Wednesday, 9 July 2014
Daniel G. Partridge, Oxford University, Oxford, United Kingdom; and M. Andrejczuk, Z. Kipling, and P. Stier

The activation of aerosols to form cloud droplets is fundamentally dependent on the ambient supersaturation, which is controlled by a balance between adiabatic cooling due to the vertical velocity of the rising air and the condensational sink of the activated droplet spectrum. Current droplet activation parameterisations used in many global circulation models (GCMs) are usually based upon some form of adiabatic parcel model theory.
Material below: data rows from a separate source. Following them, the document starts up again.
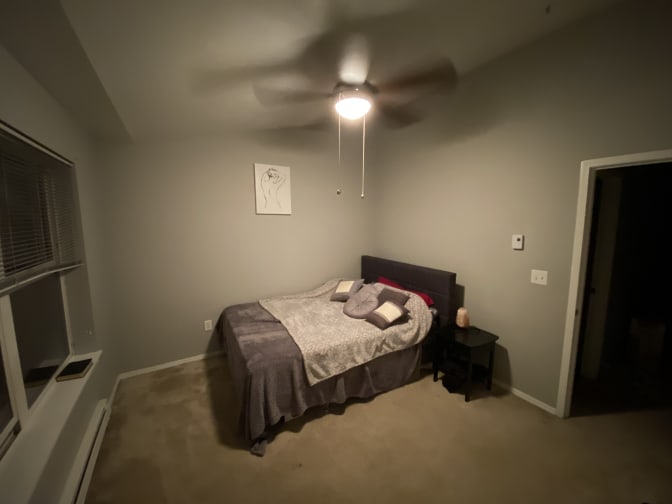 Photo of Veniamin's room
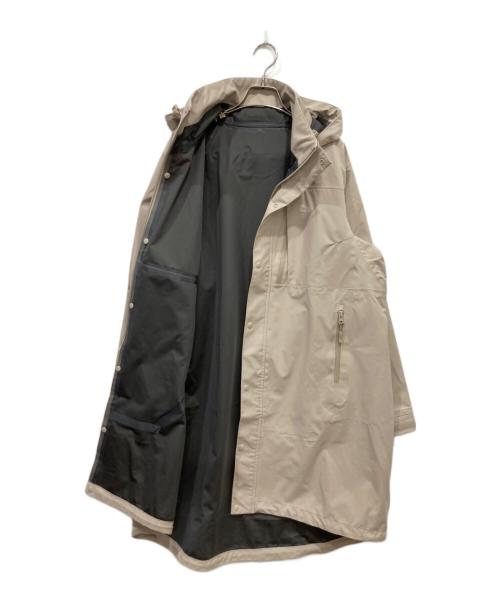 Abu Garcia（アブガルシア）Abu Garcia (アブガルシア) フーデッドコート ベージュ サイズ:Mの古着・服飾アイテム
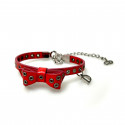 Bracelet DIOR noeud rouge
However, not all air parcels are initiated in clear sky conditions as this theory assumes, and therefore, as current activation parameterisations neglect the condensational sink on the existing cloud droplet spectrum they are likely to overestimate the maximum supersaturation, i.e. the number of activated aerosols.

We demonstrate the importance of this effect through offline simulations with an adiabatic parcel model, accounting for the condensation sink of a pre-existing droplet population during the calculation of the maximum supersaturation reached in the air parcel. For a range of environmental conditions the inclusion of this additional sink term significantly reduces the number of additional activated droplets after the first nucleation.

Based on the large impact observed from the offline simulations we have added this additional condensational sink term to the droplet activation parameterisation scheme used within a GCM, ECHAM6.1-HAM2.2, in order to assess changes in the global cloud droplet number concentrations (CDNC) and radiative effects.

Significant reductions in the annual mean CDNC are observed, especially over regions experiencing high aerosol concentrations, indicating a possible large reduction in the indirect radiative aerosol forcing. Further simulations will be performed to obtain estimates of the change in radiative flux perturbation (RFP) due to total anthropogenic aerosol effects that can be attributed to this process.